Any of the following INSDC source modifiers can be added to the metadata CSV. If present, they will be automatically included in the output `metadata.csv`:

| Column (CSV header) | Description |
|---------------------|-------------|
| `altitude` | Altitude in metres above or below sea level where the sample was collected. |
| `collected_by` | Name of the person who collected the sample. |
| `culture_collection` | Institution code and culture ID (format: `inst:coll:id`). |
| `haplotype` | Haplotype of the organism. |
| `lab_host` | Laboratory host used to propagate the organism. |
| `lat_lon` | Latitude and longitude in decimal degrees (e.g., `15.77 S 47.93 W`). |
| `note` | Any additional free-text information about the sequence. |
| `segment` | Name of the viral or phage segment sequenced. |
| `sex` | Sex of the organism from which the sequence was obtained. |
| `specimen_voucher` | Institutional identifier for the source specimen. |
| `strain` | Strain of the organism. |
| `tissue_type` | Type of tissue from which the sequence was obtained. |

#### Optional Columns — Custom Viruses

For custom viruses the metadata is a tab-delimited file and the column names follow the BankIt Title_Case convention. The following columns can be added to the input CSV using the standard lower-case names — they will be automatically renamed in the output:

| Input column | Output column | Description |
|---|---|---|
| `altitude` | `Altitude` | Altitude in metres. |
| `bio_material` | `Bio_material` | Biological material identifier. |
| `breed` | `Breed` | Named breed (usually for domesticated mammals). |
| `cell_line` | `Cell_line` | Cell line from which the sequence was obtained. |
| `cell_type` | `Cell_type` | Type of cell. |
| `clone` | `Clone` | Clone from which the sequence was obtained. |
| `collected_by` | `Collected_by` | Person who collected the sample. |
| `culture_collection` | `Culture_collection` | Culture collection identifier. |
| `dev_stage` | `Dev_stage` | Developmental stage of the organism. |
| `ecotype` | `Ecotype` | Named ecotype. |
| `fwd_primer_name` | `Fwd_primer_name` | Name of forward PCR primer. |
| `fwd_primer_seq` | `Fwd_primer_seq` | Sequence of forward PCR primer. |
| `genotype` | `Genotype` | Genotype of the organism. |
| `haplogroup` | `Haplogroup` | Haplogroup of the organism. |
| `haplotype` | `Haplotype` | Haplotype of the organism. |
| `lab_host` | `Lab_host` | Laboratory host used to propagate the organism. |
| `lat_lon` | `Lat_Lon` | Latitude and longitude in decimal degrees. |
| `note` | `Note` | Free-text additional information. |
| `rev_primer_name` | `Rev_primer_name` | Name of reverse PCR primer. |
| `rev_primer_seq` | `Rev_primer_seq` | Sequence of reverse PCR primer. |
| `segment` | `Segment` | Viral or phage segment sequenced. |
| `serotype` | `Serotype` | Serological variety. |
| `serovar` | `Serovar` | Serological variety (prokaryote). |
| `sex` | `Sex` | Sex of the organism. |
| `specimen_voucher` | `Specimen_voucher` | Specimen voucher identifier. |
| `strain` | `Strain` | Strain of the organism. |
| `sub_species` | `Sub_species` | Subspecies. |
| `tissue_lib` | `Tissue_lib` | Tissue library. |
| `tissue_type` | `Tissue_type` | Type of tissue. |
| `variety` | `Variety` | Variety of the organism. |

> **Note:** Columns not listed above are silently ignored and will not appear in the output metadata file.

### Output Format

The `prepare-ncbi-submission` command will take your input CSV and generate a final metadata file inside each submission directory.
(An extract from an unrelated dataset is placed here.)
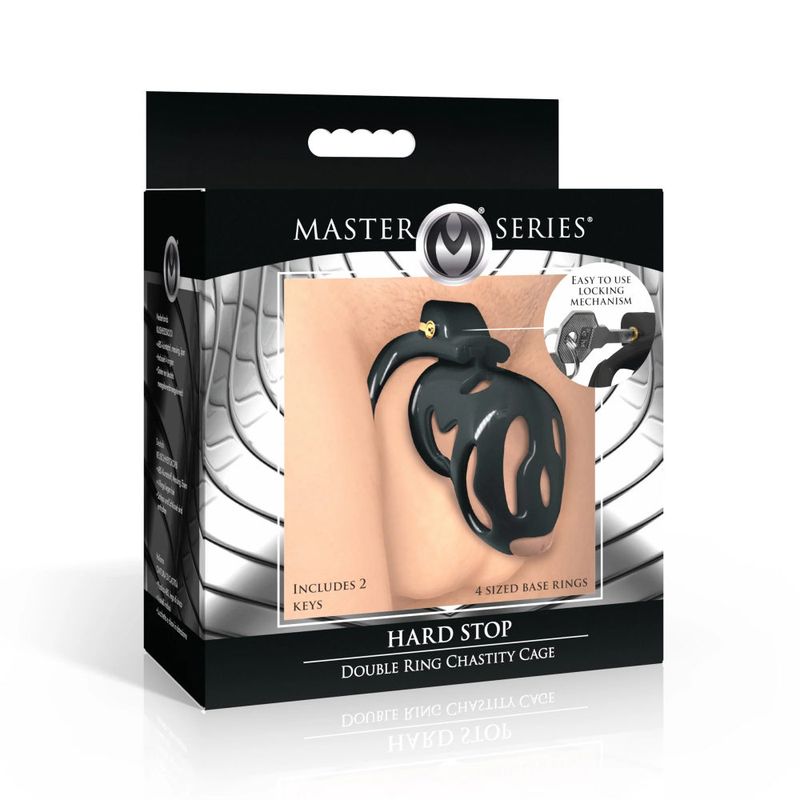 Hard Stop Double Ring Chastity Cage - Adult Toys - Naughty by Nature Adult Store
For predefined viruses (SARS-CoV-2, Dengue, Influenza, Norovirus), a comma-delimited `metadata.csv` is generated. For custom viruses, a tab-delimited `metadata.tsv` is generated instead. The tool automatically enriches this file with taxonomic and typing data derived from the `viralQC` results:

* **Influenza**: Adds `serotype` (e.g., `H1N1` or `H3N2`) extracted directly from the classification.
* **Dengue**: Adds `genotype` (e.g., `1`, `2`, `3`, or `4`) and `serotype` (the detailed clade assignment).
* **Norovirus**: Adds `genotype` (e.g., `GII`, `GII.17`) extracted from the virus classification. No `serotype` column is included.
* **SARS-CoV-2**: Removes `isolation-source` and `serotype` as they are not typically included in SC2 NCBI submissions.
* **Custom Viruses**: Renames columns to NCBI-compatible names: `geo_loc_name` → `Country (geo_loc_name)`, `host` → `Host`, `isolate` → `Isolate`, `collection-date` → `Collection_date`, `isolation-source` → `Isolation_source`. No `Organism` column is added (the organism information is included in the FASTA headers as `[Organism=...]`).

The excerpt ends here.